===== Task material

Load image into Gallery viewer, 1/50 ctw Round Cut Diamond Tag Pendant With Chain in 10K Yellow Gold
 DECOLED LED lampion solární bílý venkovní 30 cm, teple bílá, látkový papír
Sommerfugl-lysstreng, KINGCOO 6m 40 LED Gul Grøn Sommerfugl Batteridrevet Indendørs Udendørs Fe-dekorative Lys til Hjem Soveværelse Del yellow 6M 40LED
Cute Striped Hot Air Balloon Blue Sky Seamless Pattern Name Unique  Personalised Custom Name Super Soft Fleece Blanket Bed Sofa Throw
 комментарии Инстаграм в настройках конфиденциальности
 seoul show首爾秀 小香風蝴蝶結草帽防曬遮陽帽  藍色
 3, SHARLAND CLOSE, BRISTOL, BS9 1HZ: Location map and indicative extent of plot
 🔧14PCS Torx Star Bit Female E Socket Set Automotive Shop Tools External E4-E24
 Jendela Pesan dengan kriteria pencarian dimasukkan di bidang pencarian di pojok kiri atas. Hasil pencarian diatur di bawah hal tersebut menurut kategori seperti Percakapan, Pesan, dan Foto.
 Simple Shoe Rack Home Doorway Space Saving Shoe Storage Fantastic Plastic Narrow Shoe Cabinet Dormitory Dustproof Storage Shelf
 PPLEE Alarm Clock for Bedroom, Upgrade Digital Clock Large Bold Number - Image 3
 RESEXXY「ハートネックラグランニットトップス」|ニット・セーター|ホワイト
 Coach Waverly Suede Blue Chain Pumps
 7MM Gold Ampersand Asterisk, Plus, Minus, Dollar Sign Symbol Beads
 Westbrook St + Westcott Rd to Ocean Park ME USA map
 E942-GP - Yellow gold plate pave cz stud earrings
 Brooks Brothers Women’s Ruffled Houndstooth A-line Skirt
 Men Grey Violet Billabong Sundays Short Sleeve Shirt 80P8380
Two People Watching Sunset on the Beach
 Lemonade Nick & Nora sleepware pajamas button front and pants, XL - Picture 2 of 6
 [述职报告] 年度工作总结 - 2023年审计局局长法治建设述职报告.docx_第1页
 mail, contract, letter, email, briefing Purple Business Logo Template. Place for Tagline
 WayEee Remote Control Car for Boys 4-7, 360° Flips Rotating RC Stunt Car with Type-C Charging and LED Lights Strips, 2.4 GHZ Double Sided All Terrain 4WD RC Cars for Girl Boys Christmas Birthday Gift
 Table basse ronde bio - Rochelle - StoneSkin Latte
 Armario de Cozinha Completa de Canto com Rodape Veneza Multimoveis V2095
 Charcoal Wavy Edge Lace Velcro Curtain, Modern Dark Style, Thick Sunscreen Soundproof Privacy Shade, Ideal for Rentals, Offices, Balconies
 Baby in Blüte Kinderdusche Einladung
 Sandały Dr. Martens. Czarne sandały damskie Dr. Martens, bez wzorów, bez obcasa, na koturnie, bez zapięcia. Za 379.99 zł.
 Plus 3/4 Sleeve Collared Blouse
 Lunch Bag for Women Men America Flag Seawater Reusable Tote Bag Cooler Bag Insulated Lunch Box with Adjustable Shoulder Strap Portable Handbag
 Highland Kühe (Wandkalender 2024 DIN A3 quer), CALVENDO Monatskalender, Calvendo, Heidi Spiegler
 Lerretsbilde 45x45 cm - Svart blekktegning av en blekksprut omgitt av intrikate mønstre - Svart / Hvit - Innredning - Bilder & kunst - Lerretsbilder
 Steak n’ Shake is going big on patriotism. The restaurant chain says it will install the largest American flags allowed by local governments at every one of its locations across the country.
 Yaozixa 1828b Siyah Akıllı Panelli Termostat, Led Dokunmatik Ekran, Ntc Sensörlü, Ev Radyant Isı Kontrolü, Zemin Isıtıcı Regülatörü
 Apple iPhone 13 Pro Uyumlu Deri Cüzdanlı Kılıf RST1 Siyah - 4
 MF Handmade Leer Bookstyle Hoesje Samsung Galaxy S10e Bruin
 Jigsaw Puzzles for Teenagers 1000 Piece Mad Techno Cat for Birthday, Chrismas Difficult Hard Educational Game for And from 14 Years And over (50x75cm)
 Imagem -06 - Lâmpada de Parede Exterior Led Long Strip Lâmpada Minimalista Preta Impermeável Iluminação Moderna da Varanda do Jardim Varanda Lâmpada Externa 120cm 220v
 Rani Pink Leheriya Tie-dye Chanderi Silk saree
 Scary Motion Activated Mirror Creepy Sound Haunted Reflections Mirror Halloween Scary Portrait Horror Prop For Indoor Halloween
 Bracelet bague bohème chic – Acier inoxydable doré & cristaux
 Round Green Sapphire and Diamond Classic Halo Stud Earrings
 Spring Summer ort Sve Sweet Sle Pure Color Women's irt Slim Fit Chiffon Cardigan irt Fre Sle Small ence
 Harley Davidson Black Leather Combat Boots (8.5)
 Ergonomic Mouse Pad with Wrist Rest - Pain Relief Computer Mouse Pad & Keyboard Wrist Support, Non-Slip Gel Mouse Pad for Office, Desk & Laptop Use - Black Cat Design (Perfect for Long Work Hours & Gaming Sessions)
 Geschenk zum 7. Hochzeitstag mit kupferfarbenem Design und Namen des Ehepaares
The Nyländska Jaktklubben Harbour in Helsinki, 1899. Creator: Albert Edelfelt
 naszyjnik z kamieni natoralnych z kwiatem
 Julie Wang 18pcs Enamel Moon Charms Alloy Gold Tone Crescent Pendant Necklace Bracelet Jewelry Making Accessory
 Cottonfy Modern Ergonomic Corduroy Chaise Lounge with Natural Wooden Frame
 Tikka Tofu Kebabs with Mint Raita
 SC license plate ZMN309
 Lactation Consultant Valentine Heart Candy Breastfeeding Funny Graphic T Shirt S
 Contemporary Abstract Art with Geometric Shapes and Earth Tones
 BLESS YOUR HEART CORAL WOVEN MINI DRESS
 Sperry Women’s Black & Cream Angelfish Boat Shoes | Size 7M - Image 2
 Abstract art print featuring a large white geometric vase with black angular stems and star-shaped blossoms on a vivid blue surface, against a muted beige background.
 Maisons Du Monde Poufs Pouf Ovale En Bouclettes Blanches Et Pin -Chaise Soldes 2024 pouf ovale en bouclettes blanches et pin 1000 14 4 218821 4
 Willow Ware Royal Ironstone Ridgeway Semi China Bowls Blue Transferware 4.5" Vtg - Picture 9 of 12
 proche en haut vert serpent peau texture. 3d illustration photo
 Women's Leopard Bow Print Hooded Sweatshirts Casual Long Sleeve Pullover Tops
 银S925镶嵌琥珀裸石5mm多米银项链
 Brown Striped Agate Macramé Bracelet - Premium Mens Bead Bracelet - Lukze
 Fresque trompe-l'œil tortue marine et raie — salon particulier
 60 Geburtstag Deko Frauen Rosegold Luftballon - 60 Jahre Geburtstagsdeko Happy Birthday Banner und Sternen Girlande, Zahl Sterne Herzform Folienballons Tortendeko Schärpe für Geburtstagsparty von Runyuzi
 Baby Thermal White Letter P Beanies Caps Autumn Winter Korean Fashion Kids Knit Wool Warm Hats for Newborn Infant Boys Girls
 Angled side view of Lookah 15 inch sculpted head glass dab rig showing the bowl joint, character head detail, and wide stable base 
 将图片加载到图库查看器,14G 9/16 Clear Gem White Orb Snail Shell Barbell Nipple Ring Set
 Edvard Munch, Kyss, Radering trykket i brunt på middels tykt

==========

> Work instruction: Above are the records. Copy the lines beginning at the one that has "Sandały Dr. Martens." and ending with the one that has "Ergonomic Mouse Pad", unchanged.

> Answer:
 Sandały Dr. Martens. Czarne sandały damskie Dr. Martens, bez wzorów, bez obcasa, na koturnie, bez zapięcia. Za 379.99 zł.
 Plus 3/4 Sleeve Collared Blouse
 Lunch Bag for Women Men America Flag Seawater Reusable Tote Bag Cooler Bag Insulated Lunch Box with Adjustable Shoulder Strap Portable Handbag
 Highland Kühe (Wandkalender 2024 DIN A3 quer), CALVENDO Monatskalender, Calvendo, Heidi Spiegler
 Lerretsbilde 45x45 cm - Svart blekktegning av en blekksprut omgitt av intrikate mønstre - Svart / Hvit - Innredning - Bilder & kunst - Lerretsbilder
 Steak n’ Shake is going big on patriotism. The restaurant chain says it will install the largest American flags allowed by local governments at every one of its locations across the country.
 Yaozixa 1828b Siyah Akıllı Panelli Termostat, Led Dokunmatik Ekran, Ntc Sensörlü, Ev Radyant Isı Kontrolü, Zemin Isıtıcı Regülatörü
 Apple iPhone 13 Pro Uyumlu Deri Cüzdanlı Kılıf RST1 Siyah - 4
 MF Handmade Leer Bookstyle Hoesje Samsung Galaxy S10e Bruin
 Jigsaw Puzzles for Teenagers 1000 Piece Mad Techno Cat for Birthday, Chrismas Difficult Hard Educational Game for And from 14 Years And over (50x75cm)
 Imagem -06 - Lâmpada de Parede Exterior Led Long Strip Lâmpada Minimalista Preta Impermeável Iluminação Moderna da Varanda do Jardim Varanda Lâmpada Externa 120cm 220v
 Rani Pink Leheriya Tie-dye Chanderi Silk saree
 Scary Motion Activated Mirror Creepy Sound Haunted Reflections Mirror Halloween Scary Portrait Horror Prop For Indoor Halloween
 Bracelet bague bohème chic – Acier inoxydable doré & cristaux
 Round Green Sapphire and Diamond Classic Halo Stud Earrings
 Spring Summer ort Sve Sweet Sle Pure Color Women's irt Slim Fit Chiffon Cardigan irt Fre Sle Small ence
 Harley Davidson Black Leather Combat Boots (8.5)
 Ergonomic Mouse Pad with Wrist Rest - Pain Relief Computer Mouse Pad & Keyboard Wrist Support, Non-Slip Gel Mouse Pad for Office, Desk & Laptop Use - Black Cat Design (Perfect for Long Work Hours & Gaming Sessions)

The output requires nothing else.